Light rail station in Denver, Colorado

10th & Osage station (sometimes stylized as 10th•Osage) is an RTD light rail station in Denver, Colorado, United States. It opened on October 8, 1994, and is operated by the Regional Transportation District. The station is currently served by the C and E Lines.

The station is typically served by the H Line, which is suspended as of September 2026 due to the Downtown Rail Reconstruction Project. The L Line, which is also suspended due to the project, is planned to be extended through the station to I-25 & Broadway. When the H and L Lines resume service, 10th & Osage will be the last station shared by all lines northbound from I-25 & Broadway, and will be the last transfer point for passengers travelling north to Union Station on the C and E Lines, and to 16th Street and the downtown loop on the H and L Lines.

== Station layout ==
| 1F Platform Level | West 10th Avenue; South Osage Street |
Side platform, northbound only; doors will open on the right
| Northbound | ← toward Union Station (Auraria West) |
Island platform, southbound only; doors will open on the left
| Southbound | toward Littleton-Mineral (Alameda) → toward RidgeGate Parkway (Alameda) |
10th & Osage Station is located in the La Alma-Lincoln Park neighborhood.
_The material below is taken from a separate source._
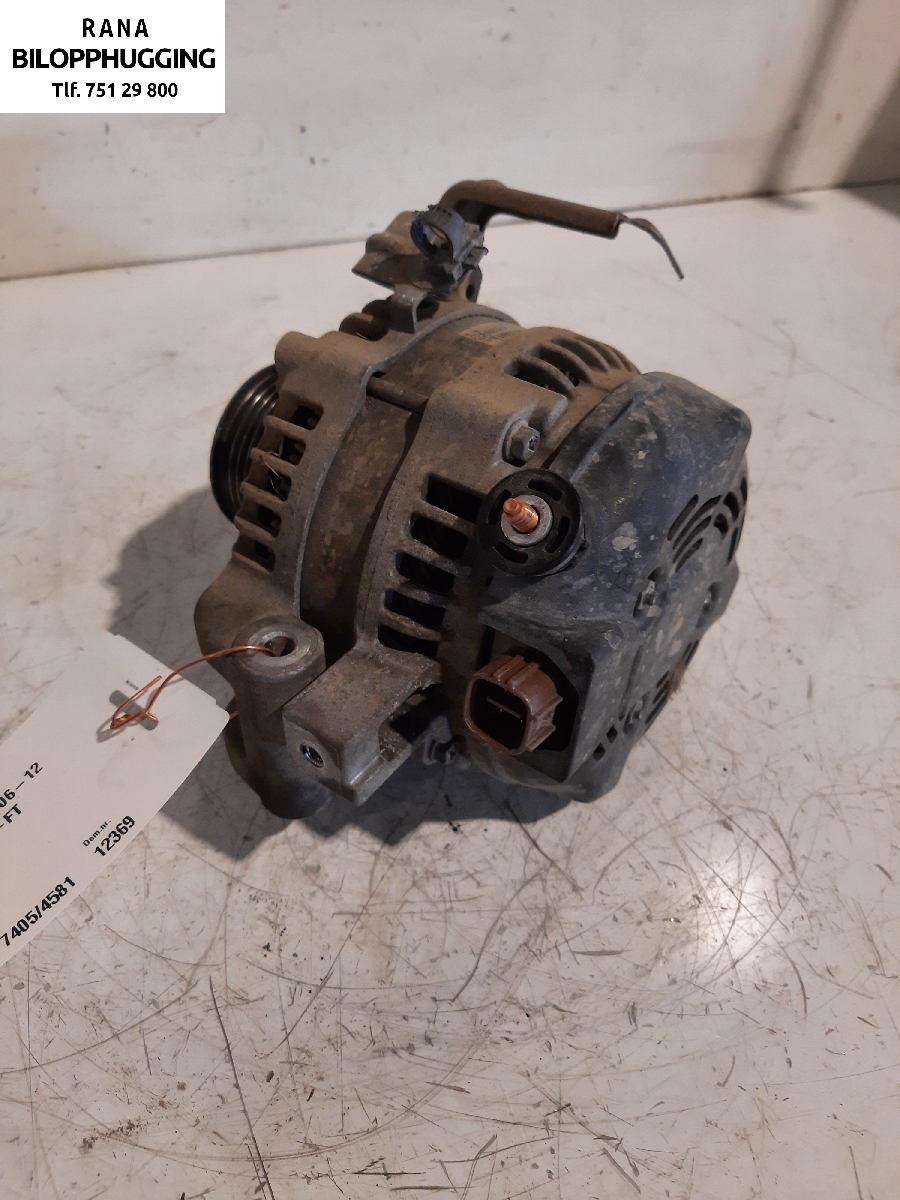 Dynamo til Toyota RAV4, 2009-2013 (Type III, Fase 2)  (TOYOTA|)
Immediately across the Osage Street from the station is the Buckhorn Exchange, a Denver landmark and the city's oldest restaurant. Visible to the west of the station, but fenced off from foot traffic, is the Burnham Yard of the Union Pacific Railroad, which was once the railroad's second largest locomotive facility. There are no bus connections from this station.

The station is planned to be relocated south of 10th Avenue and substantially expanded as a part of the construction of New Broncos Stadium. The stadium will be developed over Burnham Yard and will be located immediately west of the new station. It will be accompanied by transit-oriented development. The project is expected to be completed alongside the stadium's opening in 2031.